Question
The physics of electric field between two charges.
What is the magnitude and direction of the electric field at a point midway between a
-8.0 ìC charge and a +6.0 ìC charge? The -8.0 ìC charge is 4.0 cm to the left of the +6.0 ìC charge.
If a charge of -2.0 ìC was placed at the midway point, what force (magnitude and direction) would act on the charge?
What is the magnitude and direction of the electric field at a point midway between a
-8.0 ìC charge and a +6.0 ìC charge? The -8.0 ìC charge is 4.0 cm to the left of the +6.0 ìC charge.
If a charge of -2.0 ìC was placed at the midway point, what force (magnitude and direction) would act on the charge?
Answers
First we find the electric field produced by each charge at the midway point.
The electric field produced by a point charge at a distance r from the charge is given by the formula:
E = k*Q/r^2
where E is the electric field, k is Coulomb's constant (8.99 * 10^9 N*m^2/C^2), Q is the charge, and r is the distance from the charge.
1. Electric field produced by the -8.0 μC charge:
E1 = k*Q1/r^2
E1 = (8.99 * 10^9 N*m^2/C^2) * (-8.0 * 10^(-6) C) / (0.02 m)^2
E1 = (-1.4376 * 10^5 N/C) to the right
2. Electric field produced by the +6.0 μC charge:
E2 = k*Q2/r^2
E2 = (8.99 * 10^9 N*m^2/C^2) * (6.0 * 10^(-6) C) / (0.02 m)^2
E2 = (1.0782 * 10^5 N/C) to the left
Now we find the net electric field at the midway point by adding the two electric fields:
Net electric field (E_net) = E1 + E2
E_net = -1.4376 * 10^5 N/C to the right + 1.0782 * 10^5 N/C to the left
E_net = (-1.4376 + 1.0782) * 10^5 N/C
E_net = -0.3594 * 10^5 N/C
So the magnitude of the electric field at the midway point is 0.3594 * 10^5 N/C, and its direction is to the left.
Now we find the force acting on the -2.0 μC charge placed at the midway point. The force on a charge in an electric field is given by the formula:
F = q*E
where F is the force, q is the charge, and E is the electric field.
Force on -2.0 μC charge (F) = q*E_net
F = (-2.0 * 10^(-6) C) * (-0.3594 * 10^5 N/C)
F = (0.7188 N) to the right
Therefore, the force acting on the -2.0 μC charge placed at the midway point has a magnitude of 0.7188 N and its direction is to the right.
The electric field produced by a point charge at a distance r from the charge is given by the formula:
E = k*Q/r^2
where E is the electric field, k is Coulomb's constant (8.99 * 10^9 N*m^2/C^2), Q is the charge, and r is the distance from the charge.
1. Electric field produced by the -8.0 μC charge:
E1 = k*Q1/r^2
E1 = (8.99 * 10^9 N*m^2/C^2) * (-8.0 * 10^(-6) C) / (0.02 m)^2
E1 = (-1.4376 * 10^5 N/C) to the right
2. Electric field produced by the +6.0 μC charge:
E2 = k*Q2/r^2
E2 = (8.99 * 10^9 N*m^2/C^2) * (6.0 * 10^(-6) C) / (0.02 m)^2
E2 = (1.0782 * 10^5 N/C) to the left
Now we find the net electric field at the midway point by adding the two electric fields:
Net electric field (E_net) = E1 + E2
E_net = -1.4376 * 10^5 N/C to the right + 1.0782 * 10^5 N/C to the left
E_net = (-1.4376 + 1.0782) * 10^5 N/C
E_net = -0.3594 * 10^5 N/C
So the magnitude of the electric field at the midway point is 0.3594 * 10^5 N/C, and its direction is to the left.
Now we find the force acting on the -2.0 μC charge placed at the midway point.
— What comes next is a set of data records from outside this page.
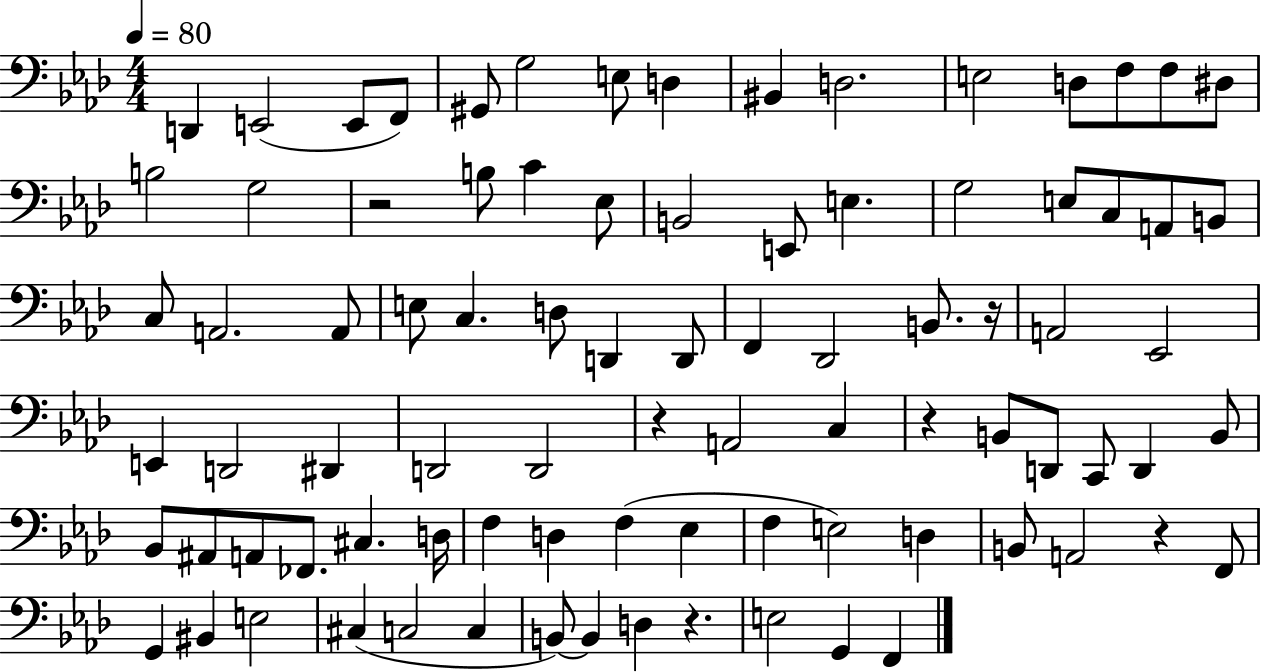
{
  \clef bass
  \numericTimeSignature
  \time 4/4
  \key aes \major
  \tempo 4 = 80
  d,4 e,2( e,8 f,8) | gis,8 g2 e8 d4 | bis,4 d2. | e2 d8 f8 f8 dis8 | \break b2 g2 | r2 b8 c'4 ees8 | b,2 e,8 e4. | g2 e8 c8 a,8 b,8 | \break c8 a,2. a,8 | e8 c4. d8 d,4 d,8 | f,4 des,2 b,8. r16 | a,2 ees,2 | \break e,4 d,2 dis,4 | d,2 d,2 | r4 a,2 c4 | r4 b,8 d,8 c,8 d,4 b,8 | \break bes,8 ais,8 a,8 fes,8. cis4. d16 | f4 d4 f4( ees4 | f4 e2) d4 | b,8 a,2 r4 f,8 | \break g,4 bis,4 e2 | cis4( c2 c4 | b,8~~) b,4 d4 r4. | e2 g,4 f,4 | \break \bar "|."
}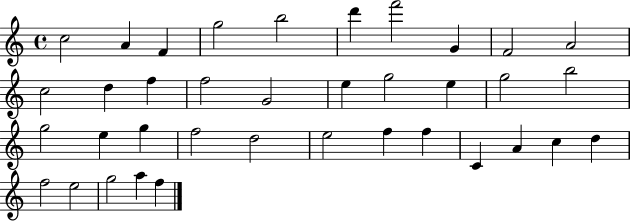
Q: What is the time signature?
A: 4/4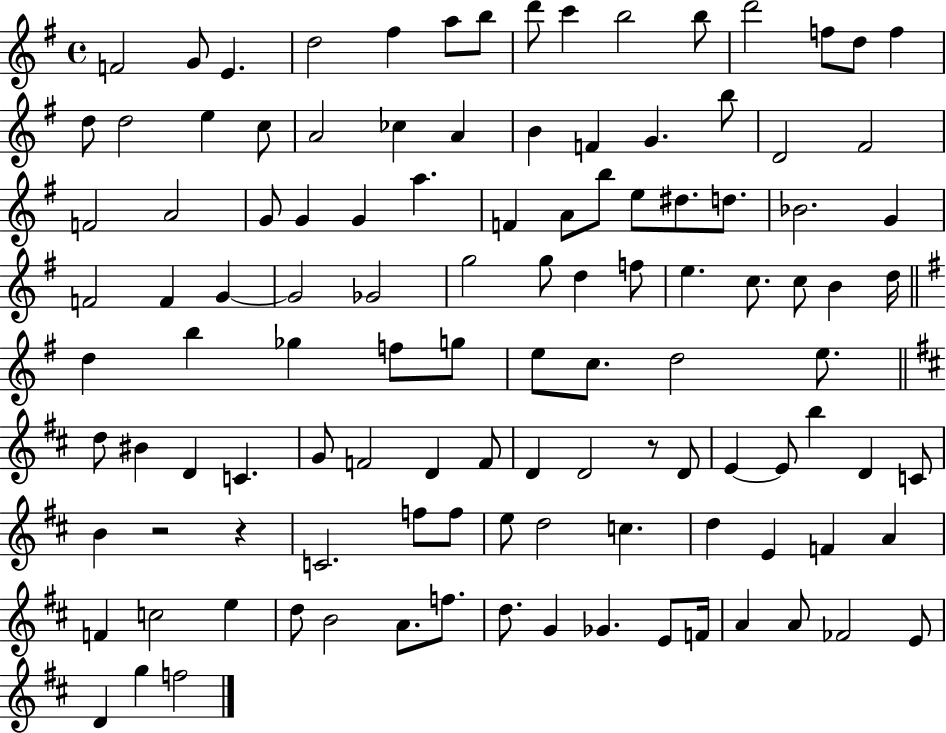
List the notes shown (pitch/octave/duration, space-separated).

F4/h G4/e E4/q. D5/h F#5/q A5/e B5/e D6/e C6/q B5/h B5/e D6/h F5/e D5/e F5/q D5/e D5/h E5/q C5/e A4/h CES5/q A4/q B4/q F4/q G4/q. B5/e D4/h F#4/h F4/h A4/h G4/e G4/q G4/q A5/q. F4/q A4/e B5/e E5/e D#5/e. D5/e. Bb4/h. G4/q F4/h F4/q G4/q G4/h Gb4/h G5/h G5/e D5/q F5/e E5/q. C5/e. C5/e B4/q D5/s D5/q B5/q Gb5/q F5/e G5/e E5/e C5/e. D5/h E5/e. D5/e BIS4/q D4/q C4/q. G4/e F4/h D4/q F4/e D4/q D4/h R/e D4/e E4/q E4/e B5/q D4/q C4/e B4/q R/h R/q C4/h. F5/e F5/e E5/e D5/h C5/q. D5/q E4/q F4/q A4/q F4/q C5/h E5/q D5/e B4/h A4/e. F5/e. D5/e. G4/q Gb4/q. E4/e F4/s A4/q A4/e FES4/h E4/e D4/q G5/q F5/h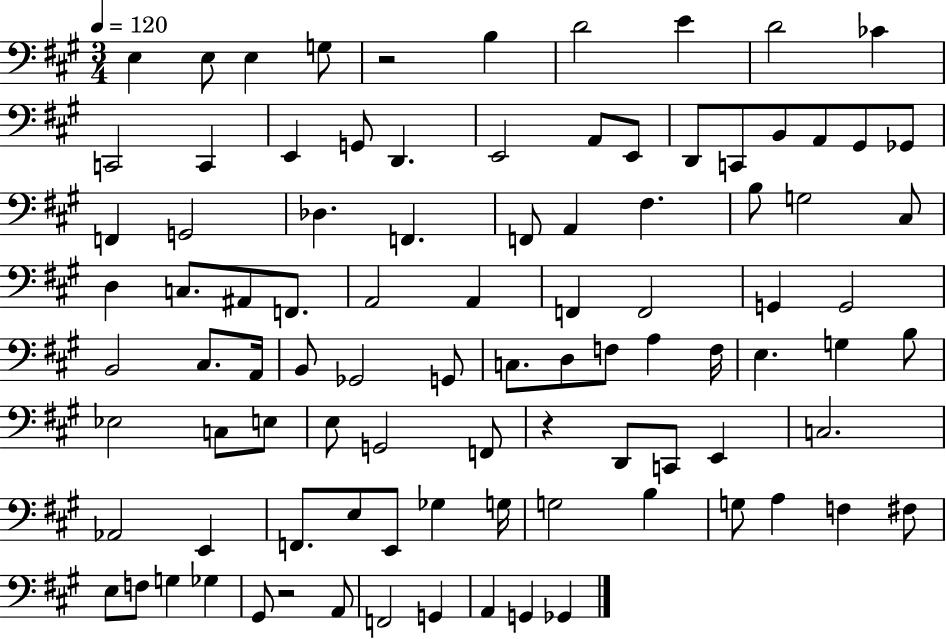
X:1
T:Untitled
M:3/4
L:1/4
K:A
E, E,/2 E, G,/2 z2 B, D2 E D2 _C C,,2 C,, E,, G,,/2 D,, E,,2 A,,/2 E,,/2 D,,/2 C,,/2 B,,/2 A,,/2 ^G,,/2 _G,,/2 F,, G,,2 _D, F,, F,,/2 A,, ^F, B,/2 G,2 ^C,/2 D, C,/2 ^A,,/2 F,,/2 A,,2 A,, F,, F,,2 G,, G,,2 B,,2 ^C,/2 A,,/4 B,,/2 _G,,2 G,,/2 C,/2 D,/2 F,/2 A, F,/4 E, G, B,/2 _E,2 C,/2 E,/2 E,/2 G,,2 F,,/2 z D,,/2 C,,/2 E,, C,2 _A,,2 E,, F,,/2 E,/2 E,,/2 _G, G,/4 G,2 B, G,/2 A, F, ^F,/2 E,/2 F,/2 G, _G, ^G,,/2 z2 A,,/2 F,,2 G,, A,, G,, _G,,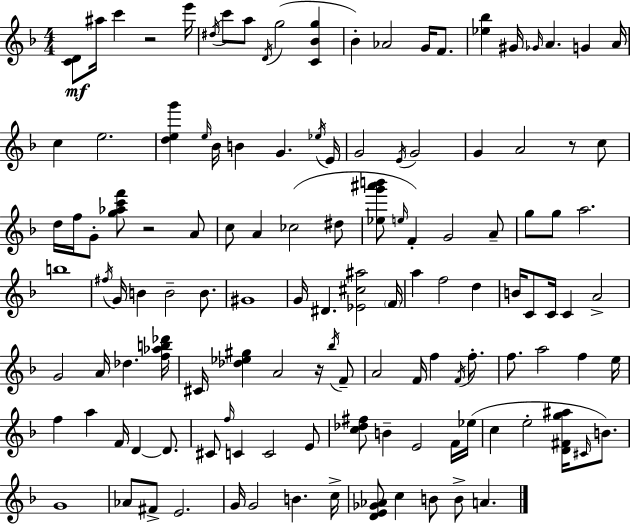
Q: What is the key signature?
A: D minor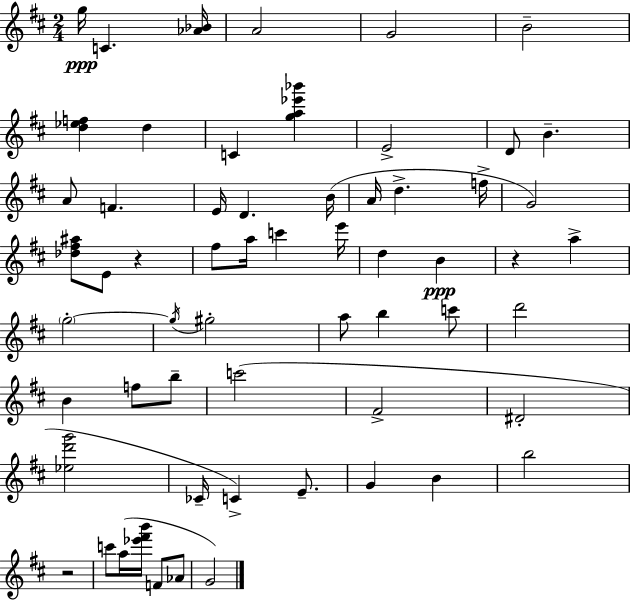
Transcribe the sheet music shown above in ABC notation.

X:1
T:Untitled
M:2/4
L:1/4
K:D
g/4 C [_A_B]/4 A2 G2 B2 [d_ef] d C [ga_e'_b'] E2 D/2 B A/2 F E/4 D B/4 A/4 d f/4 G2 [_d^f^a]/2 E/2 z ^f/2 a/4 c' e'/4 d B z a g2 g/4 ^g2 a/2 b c'/2 d'2 B f/2 b/2 c'2 ^F2 ^D2 [_ed'g']2 _C/4 C E/2 G B b2 z2 c'/2 a/4 [_e'^f'b']/4 F/2 _A/2 G2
The force on a charge in an electric field is given by the formula:
F = q*E
where F is the force, q is the charge, and E is the electric field.
Force on -2.0 μC charge (F) = q*E_net
F = (-2.0 * 10^(-6) C) * (-0.3594 * 10^5 N/C)
F = (0.7188 N) to the right
Therefore, the force acting on the -2.0 μC charge placed at the midway point has a magnitude of 0.7188 N and its direction is to the right.